Records to use:
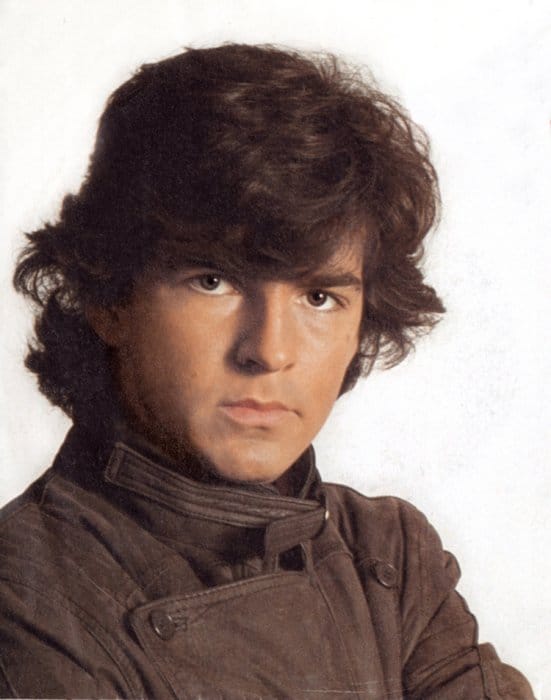 Thomas Anders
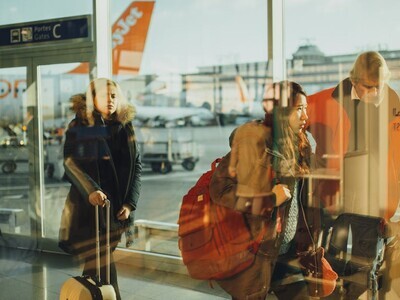 Travel Business Workshop: Discover a Powerful Plan B!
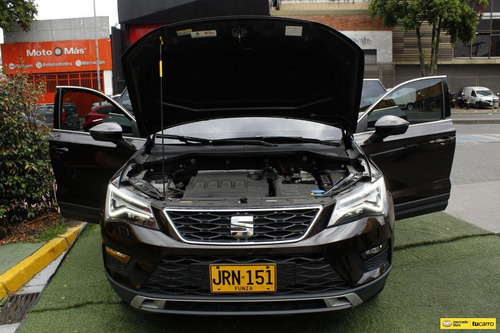 Seat Ateca Sport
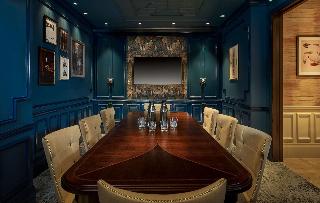 100 Queens Gate Hotel, Curio Collection by Hilton fotoÄŸrafÄ±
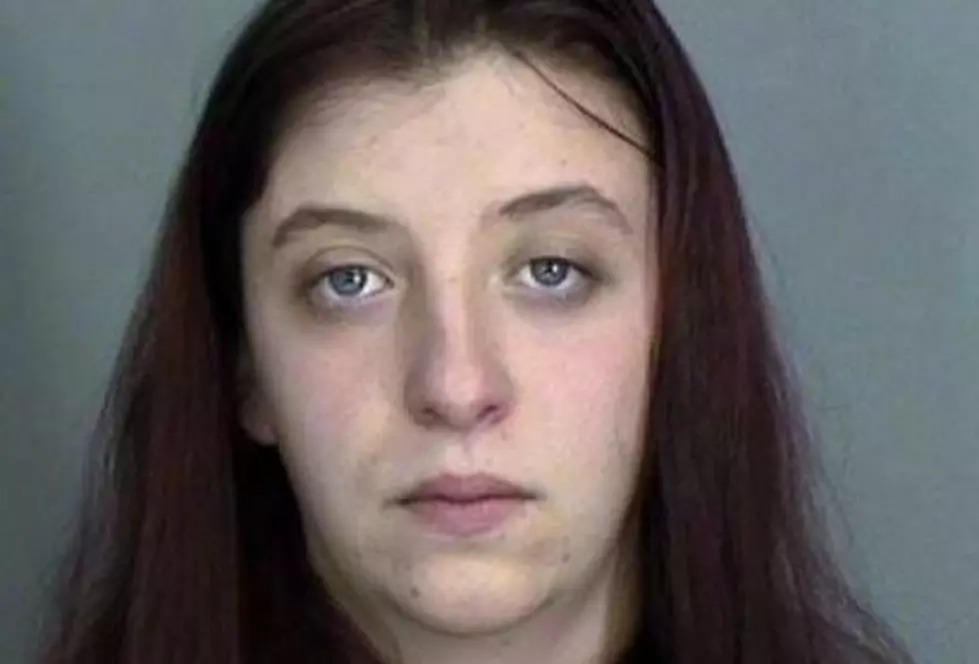 Holland Patent Woman Pleads Guilty In Death Of Utica Teen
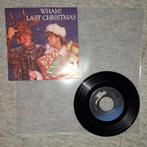 wham!  - last christmas, Ophalen of Verzenden, Zo goed als nieuw, Pop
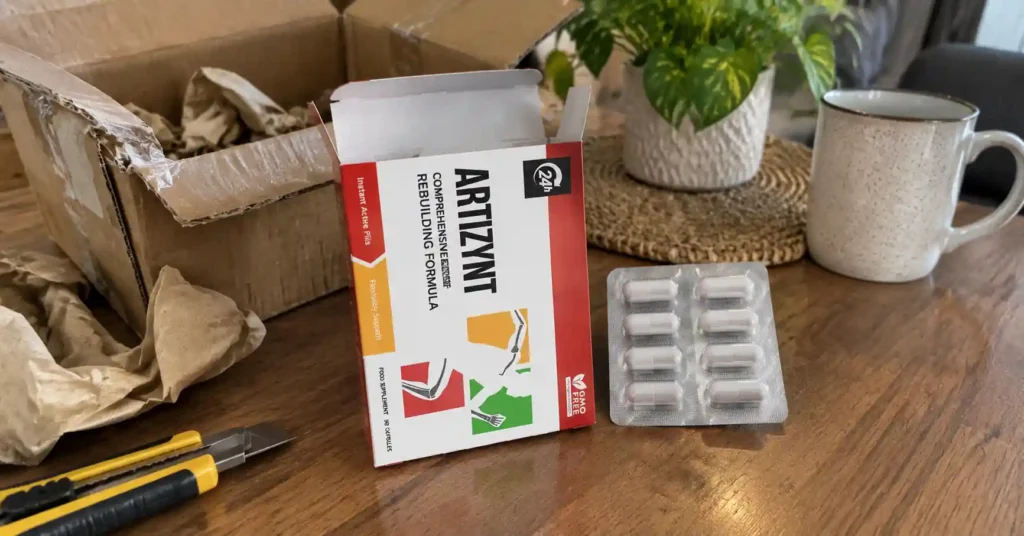 Artizynt Facebook recensioni
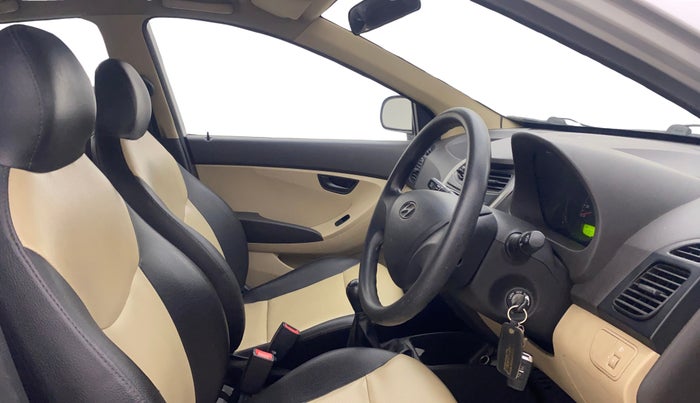 2014 Hyundai Eon ERA +, Petrol, Manual, 47,036 km, Right Side Front Door Cabin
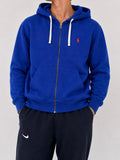 Ralph Lauren Zip Hoodie (S)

Requirement: Write out the lines that run from the line containing "Seat Ateca Sport" to the end of the entries, inclusive, exactly as written. Skip every picture.

Answer to the problem:
 Seat Ateca Sport
 100 Queens Gate Hotel, Curio Collection by Hilton fotoÄŸrafÄ±
 Holland Patent Woman Pleads Guilty In Death Of Utica Teen
 wham!  - last christmas, Ophalen of Verzenden, Zo goed als nieuw, Pop
 Artizynt Facebook recensioni
 2014 Hyundai Eon ERA +, Petrol, Manual, 47,036 km, Right Side Front Door Cabin
 Ralph Lauren Zip Hoodie (S)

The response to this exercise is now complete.